How to delete elements from a List (or ListBuffer) in Scala

This is an excerpt from the Scala Cookbook (partially modified for the internet). This is Recipe 11.4, “How to Delete Elements from a List (or `ListBuffer`) in Scala


You want to delete elements from a Scala List or ListBuffer.


A List is immutable, so you can’t delete elements from it, but you can filter out the elements you don’t want while you assign the result to a new variable:

scala> val originalList = List(5, 1, 4, 3, 2)
originalList: List[Int] = List(5, 1, 4, 3, 2)

scala> val newList = originalList.filter(_ > 2)
newList: List[Int] = List(5, 4, 3)

Rather than continually assigning the result of operations like this to a new variable, you can declare your variable as a var and reassign the result of the operation back to itself:

scala> var x = List(5, 1, 4, 3, 2)
x: List[Int] = List(5, 1, 4, 3, 2)

scala> x = x.filter(_ > 2)
x: List[Int] = List(5, 4, 3)

See Chapter 10 for other ways to get subsets of a collection using methods like filter, partition, splitAt, take, and more.

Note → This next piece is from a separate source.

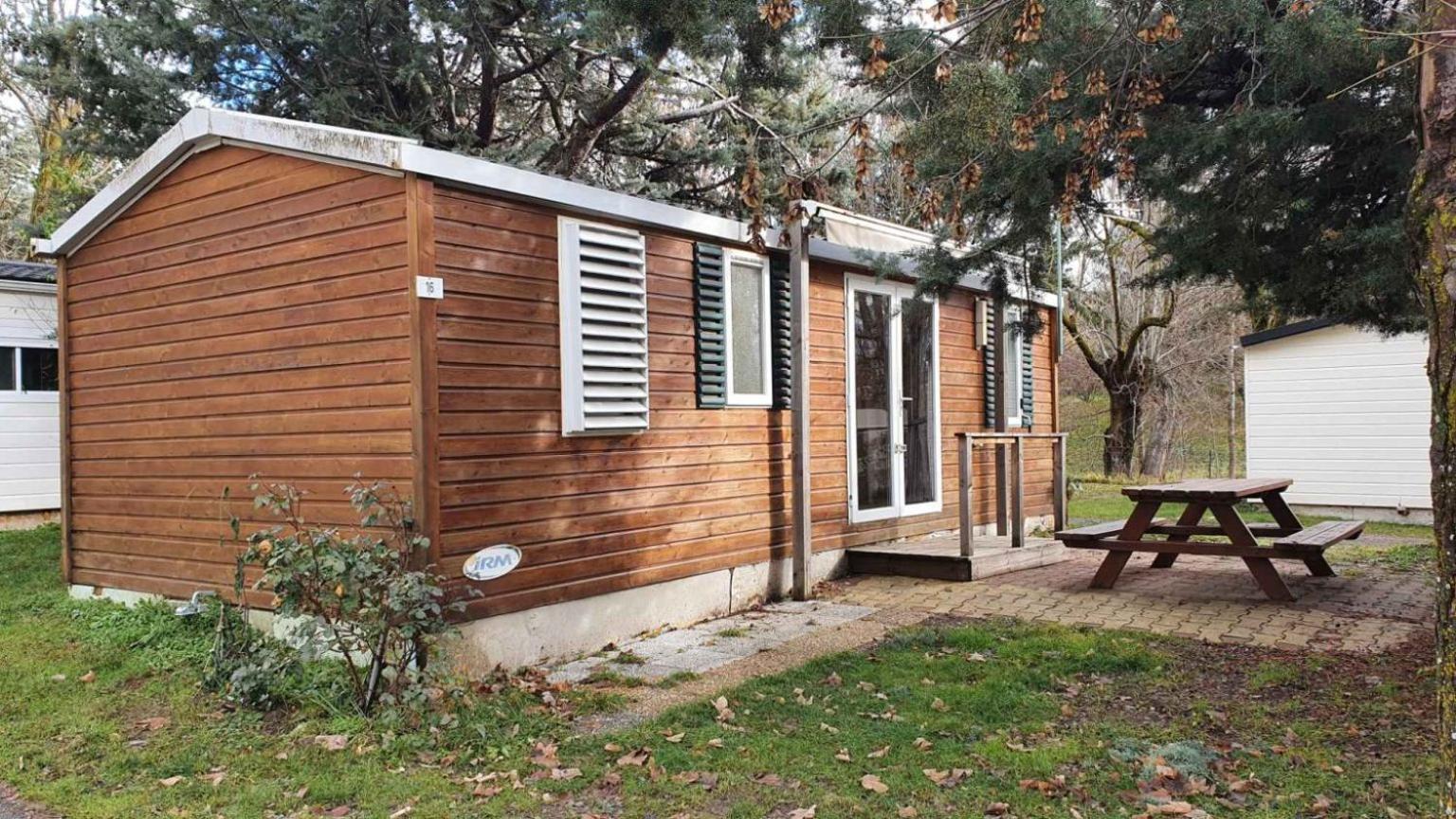 Camping L'Enclave Mobil-Home Estavar Exterior photo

If you’re going to be modifying a list frequently, it may be better to use a ListBuffer instead of a List. A ListBuffer is mutable, so you can remove items from it using all the methods for mutable sequences shown in Chapter 10. For example, assuming you’ve created a ListBuffer like this:

import scala.collection.mutable.ListBuffer
val x = ListBuffer(1, 2, 3, 4, 5, 6, 7, 8, 9)

You can delete one element at a time, by value:

scala> x -= 5
res0: x.type = ListBuffer(1, 2, 3, 4, 6, 7, 8, 9)

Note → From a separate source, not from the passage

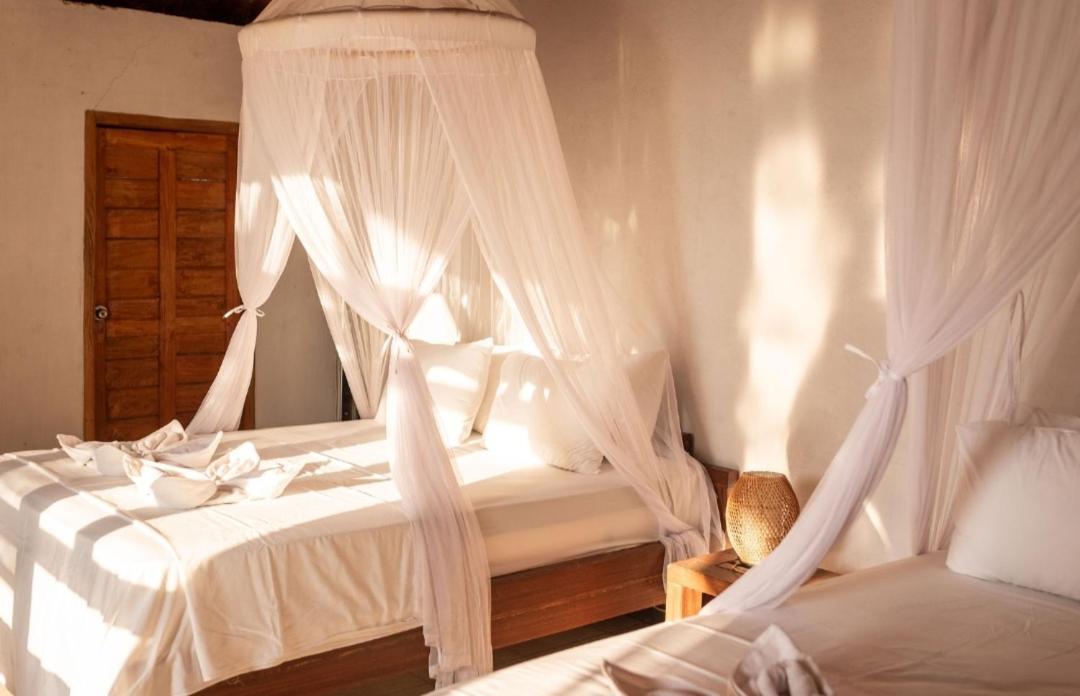 Cassabonelly Hotel Maumere Luaran gambar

You can delete two or more elements at once:

scala> x -= (2, 3)
res1: x.type = ListBuffer(1, 4, 6, 7, 8, 9)

That method looks like it takes a tuple, but it’s actually defined to take two parameters and a third varargs field.

You can delete elements by position:

scala> x.remove(0)
res2: Int = 1

scala> x
res3: scala.collection.mutable.ListBuffer[Int] = ListBuffer(4, 6, 7, 8, 9)

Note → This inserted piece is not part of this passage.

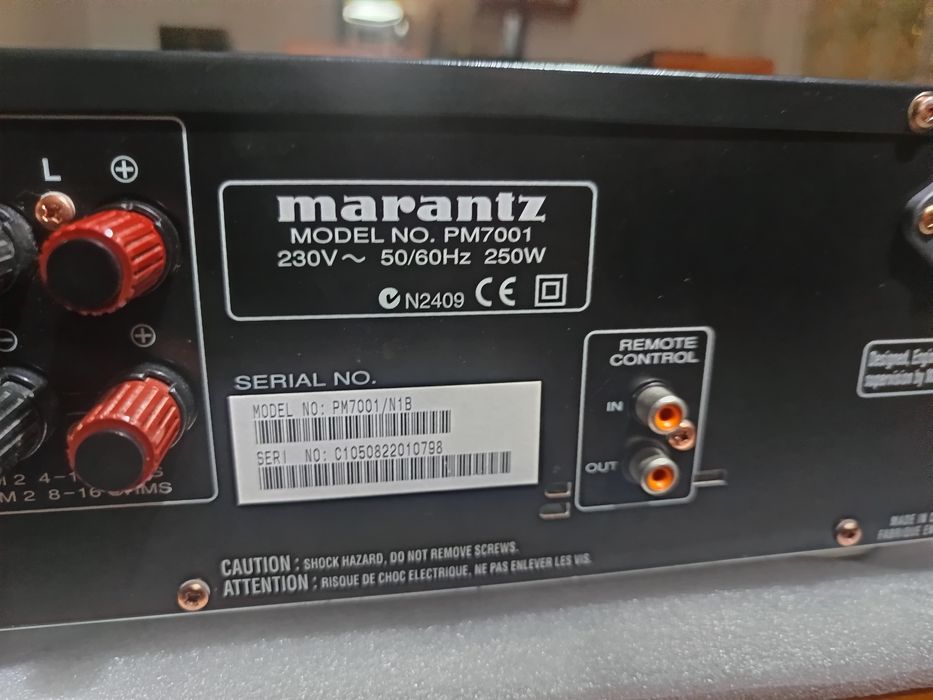 Marantz PM 7001 amplificador stereo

You can use remove to delete from a given starting position and provide the number of elements to delete:

scala> x.remove(1, 3)

scala> x
res4: scala.collection.mutable.ListBuffer[Int] = ListBuffer(4, 9)

You can also use --= to delete multiple elements that are specified in another collection:

scala> val x = ListBuffer(1, 2, 3, 4, 5, 6, 7, 8, 9)
x: scala.collection.mutable.ListBuffer[Int] = ListBuffer(1, 2, 3, 4, 5, 6, 7, 8, 9)

scala> x --= Seq(1,2,3)
res0: x.type = ListBuffer(4, 5, 6, 7, 8, 9)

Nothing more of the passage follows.